WHAT THE TASK REQUIRES:
For the material below, return exactly the lines starting at the line containing "That's it. In" and ending at the line containing "Next one down", both ends included, and no others.

STORED DATA:
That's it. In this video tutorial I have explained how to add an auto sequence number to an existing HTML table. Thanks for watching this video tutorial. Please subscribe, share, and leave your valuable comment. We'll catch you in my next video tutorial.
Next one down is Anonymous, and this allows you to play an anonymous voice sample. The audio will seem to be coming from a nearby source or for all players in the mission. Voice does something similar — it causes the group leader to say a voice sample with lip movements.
---
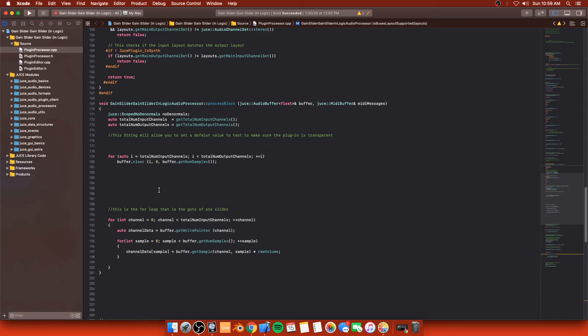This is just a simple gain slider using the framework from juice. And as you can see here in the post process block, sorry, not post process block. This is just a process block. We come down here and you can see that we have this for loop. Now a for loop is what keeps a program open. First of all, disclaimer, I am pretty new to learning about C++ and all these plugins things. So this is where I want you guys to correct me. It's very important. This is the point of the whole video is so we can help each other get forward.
--
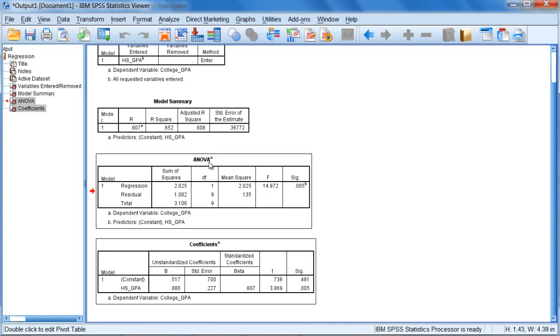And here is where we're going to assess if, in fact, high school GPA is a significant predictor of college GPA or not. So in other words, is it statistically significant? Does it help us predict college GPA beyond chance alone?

YOUR RESPONSE:
That's it. In this video tutorial I have explained how to add an auto sequence number to an existing HTML table. Thanks for watching this video tutorial. Please subscribe, share, and leave your valuable comment. We'll catch you in my next video tutorial.
Next one down is Anonymous, and this allows you to play an anonymous voice sample. The audio will seem to be coming from a nearby source or for all players in the mission. Voice does something similar — it causes the group leader to say a voice sample with lip movements.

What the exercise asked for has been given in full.